Start of DATA FOR PROCESSING

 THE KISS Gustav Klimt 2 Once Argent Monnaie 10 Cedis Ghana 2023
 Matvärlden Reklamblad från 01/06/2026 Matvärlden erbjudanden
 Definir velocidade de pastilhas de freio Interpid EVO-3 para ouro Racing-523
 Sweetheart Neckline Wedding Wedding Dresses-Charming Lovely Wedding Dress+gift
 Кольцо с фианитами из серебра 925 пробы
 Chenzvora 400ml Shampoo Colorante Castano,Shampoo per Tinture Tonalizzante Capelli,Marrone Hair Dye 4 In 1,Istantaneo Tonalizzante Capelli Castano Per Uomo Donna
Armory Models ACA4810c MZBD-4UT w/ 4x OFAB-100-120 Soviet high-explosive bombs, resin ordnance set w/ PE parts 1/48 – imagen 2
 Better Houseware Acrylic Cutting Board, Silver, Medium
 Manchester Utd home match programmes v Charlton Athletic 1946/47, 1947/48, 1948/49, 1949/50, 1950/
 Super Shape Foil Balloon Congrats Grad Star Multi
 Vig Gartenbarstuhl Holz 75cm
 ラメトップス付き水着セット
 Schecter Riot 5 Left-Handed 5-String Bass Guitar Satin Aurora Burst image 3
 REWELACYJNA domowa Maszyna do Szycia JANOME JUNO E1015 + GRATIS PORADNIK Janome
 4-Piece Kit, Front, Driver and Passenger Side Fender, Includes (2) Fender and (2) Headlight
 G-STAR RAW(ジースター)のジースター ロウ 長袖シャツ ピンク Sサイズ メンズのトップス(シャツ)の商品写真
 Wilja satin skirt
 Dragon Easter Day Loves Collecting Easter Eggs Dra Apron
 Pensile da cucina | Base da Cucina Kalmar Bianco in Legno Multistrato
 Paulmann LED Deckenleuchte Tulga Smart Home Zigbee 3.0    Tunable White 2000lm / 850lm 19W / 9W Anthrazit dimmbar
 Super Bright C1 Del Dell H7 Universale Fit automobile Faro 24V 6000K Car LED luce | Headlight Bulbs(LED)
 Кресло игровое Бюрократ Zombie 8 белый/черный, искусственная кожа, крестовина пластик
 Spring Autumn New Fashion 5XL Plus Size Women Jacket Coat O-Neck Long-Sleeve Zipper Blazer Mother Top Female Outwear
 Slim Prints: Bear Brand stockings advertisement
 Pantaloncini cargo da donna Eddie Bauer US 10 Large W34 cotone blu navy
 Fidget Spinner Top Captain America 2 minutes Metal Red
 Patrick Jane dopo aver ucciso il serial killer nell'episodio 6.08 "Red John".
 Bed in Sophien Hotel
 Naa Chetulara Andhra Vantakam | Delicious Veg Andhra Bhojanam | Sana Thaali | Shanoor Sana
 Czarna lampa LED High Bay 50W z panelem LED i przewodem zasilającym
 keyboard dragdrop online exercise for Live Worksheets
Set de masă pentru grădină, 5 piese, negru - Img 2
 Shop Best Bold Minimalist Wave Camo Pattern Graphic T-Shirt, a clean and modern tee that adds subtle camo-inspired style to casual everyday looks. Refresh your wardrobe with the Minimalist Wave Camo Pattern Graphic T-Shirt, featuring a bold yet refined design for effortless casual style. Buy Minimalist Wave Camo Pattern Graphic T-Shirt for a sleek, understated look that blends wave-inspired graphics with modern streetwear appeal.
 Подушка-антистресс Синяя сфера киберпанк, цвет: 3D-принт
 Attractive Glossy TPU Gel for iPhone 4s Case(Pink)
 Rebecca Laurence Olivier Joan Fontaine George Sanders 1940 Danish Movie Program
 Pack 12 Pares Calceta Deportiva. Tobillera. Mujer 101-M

End of DATA FOR PROCESSING

Write the entries out again verbatim, every one of them.

 THE KISS Gustav Klimt 2 Once Argent Monnaie 10 Cedis Ghana 2023
 Matvärlden Reklamblad från 01/06/2026 Matvärlden erbjudanden
 Definir velocidade de pastilhas de freio Interpid EVO-3 para ouro Racing-523
 Sweetheart Neckline Wedding Wedding Dresses-Charming Lovely Wedding Dress+gift
 Кольцо с фианитами из серебра 925 пробы
 Chenzvora 400ml Shampoo Colorante Castano,Shampoo per Tinture Tonalizzante Capelli,Marrone Hair Dye 4 In 1,Istantaneo Tonalizzante Capelli Castano Per Uomo Donna
Armory Models ACA4810c MZBD-4UT w/ 4x OFAB-100-120 Soviet high-explosive bombs, resin ordnance set w/ PE parts 1/48 – imagen 2
 Better Houseware Acrylic Cutting Board, Silver, Medium
 Manchester Utd home match programmes v Charlton Athletic 1946/47, 1947/48, 1948/49, 1949/50, 1950/
 Super Shape Foil Balloon Congrats Grad Star Multi
 Vig Gartenbarstuhl Holz 75cm
 ラメトップス付き水着セット
 Schecter Riot 5 Left-Handed 5-String Bass Guitar Satin Aurora Burst image 3
 REWELACYJNA domowa Maszyna do Szycia JANOME JUNO E1015 + GRATIS PORADNIK Janome
 4-Piece Kit, Front, Driver and Passenger Side Fender, Includes (2) Fender and (2) Headlight
 G-STAR RAW(ジースター)のジースター ロウ 長袖シャツ ピンク Sサイズ メンズのトップス(シャツ)の商品写真
 Wilja satin skirt
 Dragon Easter Day Loves Collecting Easter Eggs Dra Apron
 Pensile da cucina | Base da Cucina Kalmar Bianco in Legno Multistrato
 Paulmann LED Deckenleuchte Tulga Smart Home Zigbee 3.0    Tunable White 2000lm / 850lm 19W / 9W Anthrazit dimmbar
 Super Bright C1 Del Dell H7 Universale Fit automobile Faro 24V 6000K Car LED luce | Headlight Bulbs(LED)
 Кресло игровое Бюрократ Zombie 8 белый/черный, искусственная кожа, крестовина пластик
 Spring Autumn New Fashion 5XL Plus Size Women Jacket Coat O-Neck Long-Sleeve Zipper Blazer Mother Top Female Outwear
 Slim Prints: Bear Brand stockings advertisement
 Pantaloncini cargo da donna Eddie Bauer US 10 Large W34 cotone blu navy
 Fidget Spinner Top Captain America 2 minutes Metal Red
 Patrick Jane dopo aver ucciso il serial killer nell'episodio 6.08 "Red John".
 Bed in Sophien Hotel
 Naa Chetulara Andhra Vantakam | Delicious Veg Andhra Bhojanam | Sana Thaali | Shanoor Sana
 Czarna lampa LED High Bay 50W z panelem LED i przewodem zasilającym
 keyboard dragdrop online exercise for Live Worksheets
Set de masă pentru grădină, 5 piese, negru - Img 2
 Shop Best Bold Minimalist Wave Camo Pattern Graphic T-Shirt, a clean and modern tee that adds subtle camo-inspired style to casual everyday looks. Refresh your wardrobe with the Minimalist Wave Camo Pattern Graphic T-Shirt, featuring a bold yet refined design for effortless casual style. Buy Minimalist Wave Camo Pattern Graphic T-Shirt for a sleek, understated look that blends wave-inspired graphics with modern streetwear appeal.
 Подушка-антистресс Синяя сфера киберпанк, цвет: 3D-принт
 Attractive Glossy TPU Gel for iPhone 4s Case(Pink)
 Rebecca Laurence Olivier Joan Fontaine George Sanders 1940 Danish Movie Program
 Pack 12 Pares Calceta Deportiva. Tobillera. Mujer 101-M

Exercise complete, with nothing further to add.